つまずきの原因が見えると同時に思いました。勉強会では、一人残らずの人に、役立つ力、「運命」があると学びます。私の強みは、時間をかけて授業の準備をしたり、積極的に教員の研究会に出るなど、コツコツ地道に努力をすること。その持ち味を生徒たちのために生かして、もっと惜しみなく関わっていこう。前を向き始めた気持ちを後押しするように、「自信を持っていいと思うよ」と、妻も温かく励ましてくれたのです。 

学ぶ喜びを引き出せるように

思えば、縁があって出会えた生徒たちです。一人一人が楽しく英語を学べたなら、自然と学力も伸びて、より良い将来につながっていくはず…。そうした願いを込めて、授業に当たるようになりました。

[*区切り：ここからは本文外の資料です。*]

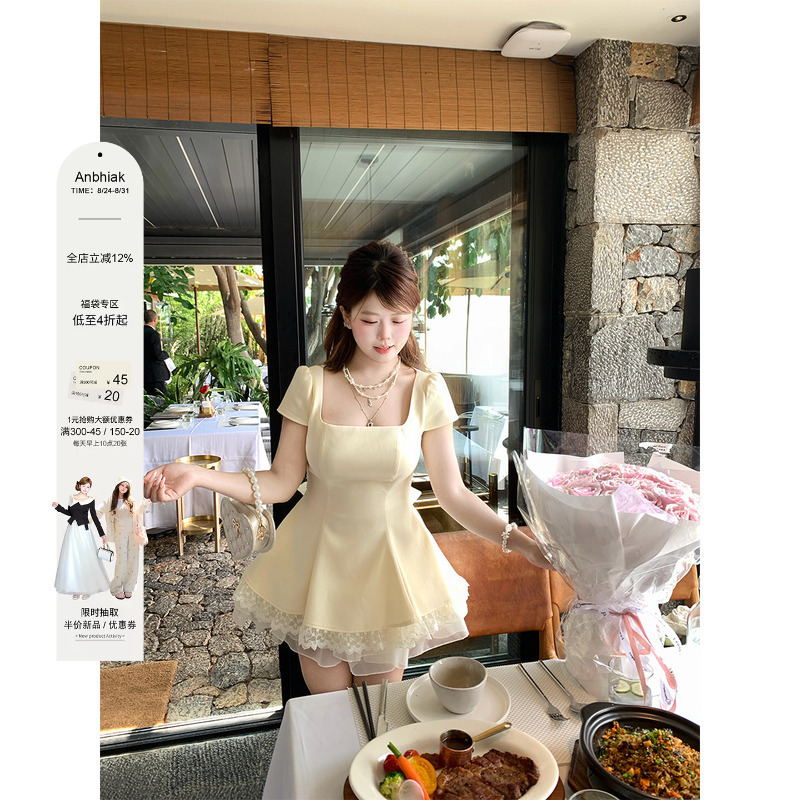 Annie's Not Popular, but This Dress with a Bow Tie, Embroidered Lace, and a Cinched Waist Is a Flattering Plus-Size Birthday Dress for Women Annie's Not Popular, but This Dress with a Bow Tie, Embroidered Lace, and a Cinched Waist Is a Flattering Plus-Size Birthday Dress for Women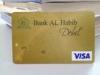 Mini gold hologram visa smart card with hico magstripe bent resistant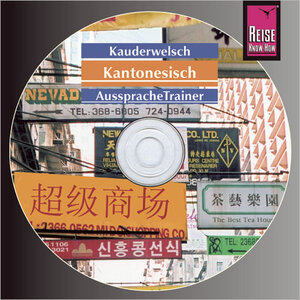 Reise Know-How Kauderwelsch Kantonesisch AusspracheTrainer (Audio-CD): Kauderwelsch-CD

授業中、あらためて生徒を見ていくと、みんな一生懸命な表情をしています。その顔が明るく変化したときは、授業で何かをつかめた証拠。分かりやすく伝えられたのだと、私までうれしくなってしまう瞬間です。自分が培ってきたことを、精いっぱい生徒に伝えたい。その心で臨むうちに、葛藤も、劣等感も、きれいに消えていきました。授業以外にも、生徒から「面接の練習をお願いします」などと頼られることが増え、やりがいを感じるようになっていったのです。 

持っている力を惜しみなく

そうして走り抜けた約40年。あっという間に定年を迎え、今年からは非常勤に。ところが、相変わらず、いろいろなクラスの生徒から、「推薦入試のための面接を…」などと声が掛かります。そんなときは、少しでも生徒の魅力が引き出せるように…と考えながらアドバイス。「先生ありがとう!」「練習のおかげです!」。生徒の笑顔や喜びの報告が、何よりうれしいです。成績の良しあしだけで生徒を見ず、誰に対しても公平に、誠実に…。真理に触れているからこそ、大切なことを見失わずにいられるのだと思います。最近では、若い先生方の役に立てるように、自習室の監督も積極的に行うようになりました。これからも、私にできることで精いっぱい、心を尽くしてまいります。 

仕事とは何か 気付くこと
 職務 職業と捉えることで
  出会いを生かす気持ちを欠いて行く
 常に環境を明るくし
   周りの人々の気持ちを大切に
              心を遣う
 「運命」に守られ 導かれた
        人の姿が ここにある
「教え」に生きることで 人間は
  「運命」の力に守られ
   皆が仕合せを共有できる成果を
             導き出せる

(令和6年12月23日〈中略あり〉)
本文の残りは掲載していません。